Tuesday, March 22, 2011

Rejecting the Messiah

As we have been studying Acts, we see again and again how Paul preached first in the synagogues. Some of the Jews rejoiced in the message. Others tried to kill the preacher or run him out of town or have him thrown into jail.

When I was growing up, one of my best buddies was Jewish. I always had this notion that our religious difference was because her family just didn't get it that Jesus was the messiah they were waiting for.

Pastor pointed out that the Jews' rejection of Jesus is not because they're lacking information that shows Jesus to be the messiah foretold by the Old Testament Scriptures. The Jews rejected what the Old Testament taught about the messiah. They didn't see their messiah as the suffering servant. They didn't see him as one who would bless the Gentiles as well as the Jews. They didn't see him so much as a savior from sin as a savior from their political enemies.
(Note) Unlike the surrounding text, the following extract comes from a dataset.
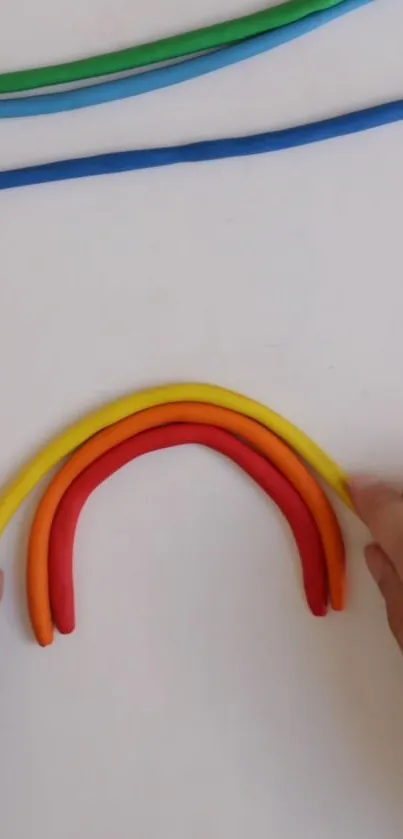 Handmade clay rainbow on white background with bright colors.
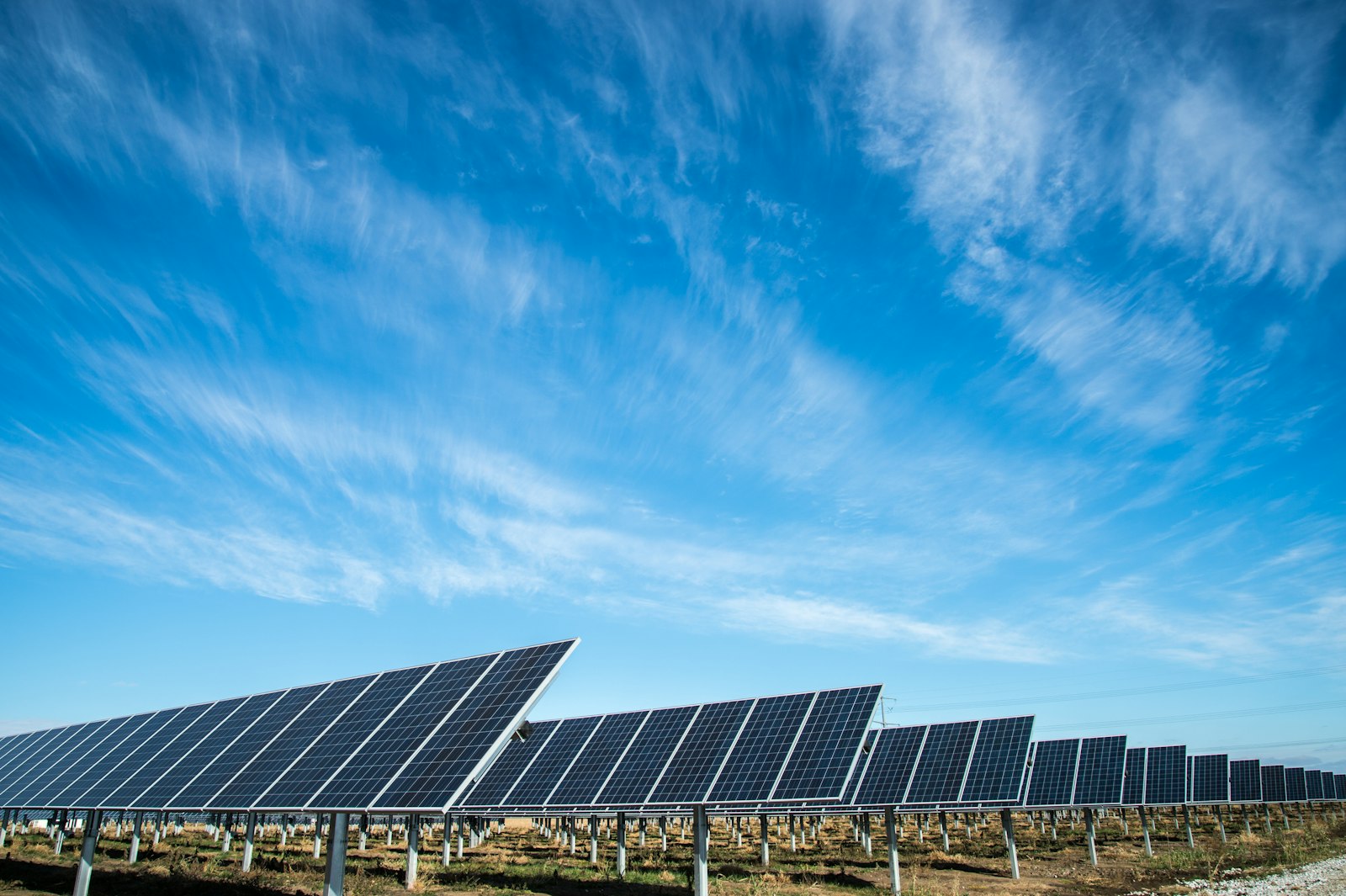 Rooftop solar panels connected to the grid under a clear sky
Some Jews believed in Jesus. These would be the ones who believed in a merciful Savior for all. They would be the ones who recognized the fulfillment of prophecy in His suffering, death, and resurrection. They would be the ones who believed in a God of love who forgives instead of demands.

The Jews who didn't believe in Jesus were the Jews who all along had misunderstood the God of the Old Testament, who had perceived him to be a vengeful god, and who expended their efforts trying to get in his good graces. So when Jesus came, forgiving prostitutes and tax collectors, it wasn't necessarily the person Jesus they were rejecting; rather, they were rejecting all that the Old Testament had said of the messiah-to-come.